The Thinking Process
What makes this message interesting is what it reveals about the assistant's debugging methodology. The assistant is not randomly reading files or guessing at causes. Each read is targeted and purposeful. The investigation follows a clear chain:
- Observe the anomaly: GPU time increased despite identical CUDA internals.
- Narrow the window: Use log timestamps to isolate the gap to a specific 10.2s interval.
- Trace the code: Read the Rust pipeline code to understand what happens in that interval.
- Form a hypothesis: Based on the data volumes (~37 GB C++ vectors, ~130 GB Rust Vecs), infer that destructor overhead is the cause.
- Plan verification: Read the C++ source to understand where to add instrumentation. This is textbook performance debugging: measure, narrow, hypothesize, instrument, verify. The assistant resists the temptation to guess or apply fixes prematurely. Instead, they invest the time to instrument the code and collect definitive evidence. The read in message 1236 is particularly strategic because it targets the FFI boundary. In a mixed-language system (Rust calling into C++/CUDA), the boundary between languages is where unexpected overheads often hide. Memory ownership semantics differ between Rust and C++, and the cost of converting between representations or cleaning up after a foreign function call can be substantial. By reading the C function signature, the assistant is preparing to instrument exactly this boundary.
Resolution and Broader Lessons
The investigation succeeded. After adding timing instrumentation (message 1237 onward), the assistant confirmed that the 10.2s was indeed synchronous destructor overhead. The fix was elegant: move the large vector deallocations into detached threads on both the C++ and Rust sides, allowing the function to return immediately while deallocation happens in the background.
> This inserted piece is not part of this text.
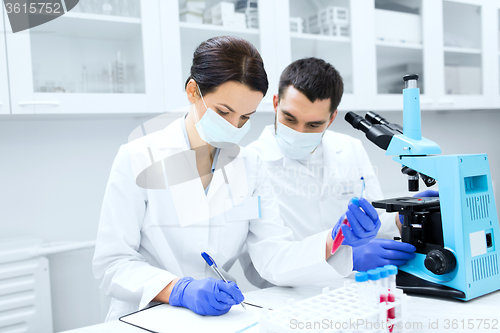 Image of scientists with clipboard and microscope in lab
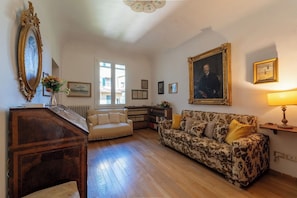 A room with a wooden floor, a sofa, a desk, a large framed portrait, and a window. - Casa dello Scrittore (Florence)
After this fix, the GPU wrapper time dropped to 26.2s—matching the CUDA internal time exactly—and the total E2E time improved to 77.2s, a 13.2% reduction from the 88.9s baseline.
The broader lesson is the importance of instrumenting timing at every layer of a complex pipeline. Without the CUZK_TIMING markers inside the CUDA code, the assistant would have seen only "GPU: 36.0s" and might have incorrectly attributed the regression to the GPU kernels themselves. The multi-layer instrumentation—CUDA internal, bellperson wrapper, pipeline wrapper, engine—allowed the assistant to see that the kernels were fine and the overhead was in the glue code. This layered approach to measurement is essential in any system where work crosses language boundaries and abstraction layers.
Message 1236, a simple file read, captures the moment between hypothesis and verification—the point where the assistant moves from "what might be happening" to "let me confirm exactly what is happening." It is a small but essential step in a debugging process that ultimately recovered 11.7 seconds of wasted wall time.